- _Records for the exercise_
===
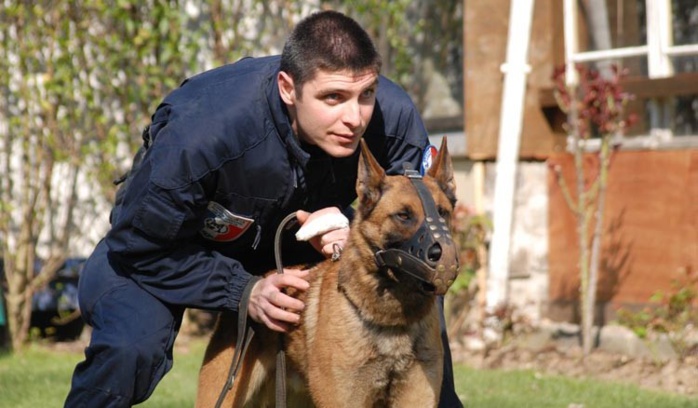 Les chiens policiers sont dressés pour neutraliser, sans le blesser, un agresseur (Photo d'illustration Préfecture de police)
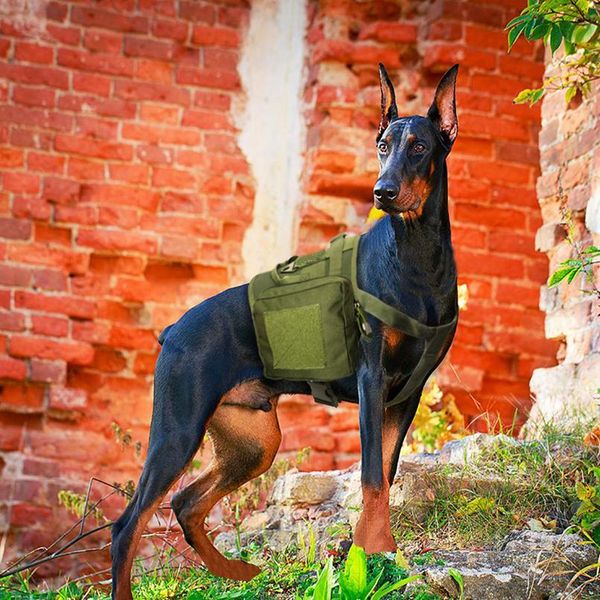 tactical dog harness military molle vest nylon pet training harnesses for medium large dogs german shepherd k9 army g bbywvv
tactical dog harness military molle vest nylon pet training harnesses for medium large dogs german shepherd k9 army g bbywvv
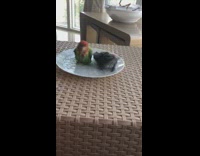 Two pet birds bathe on the water on a plate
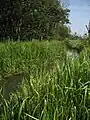 The North Walsham and Dilham Canal near Honing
===
- _Activity_
Print all records verbatim, excluding pictures.

- _Output of the task_
 Les chiens policiers sont dressés pour neutraliser, sans le blesser, un agresseur (Photo d'illustration Préfecture de police)
 tactical dog harness military molle vest nylon pet training harnesses for medium large dogs german shepherd k9 army g bbywvv
tactical dog harness military molle vest nylon pet training harnesses for medium large dogs german shepherd k9 army g bbywvv
 Two pet birds bathe on the water on a plate
 The North Walsham and Dilham Canal near Honing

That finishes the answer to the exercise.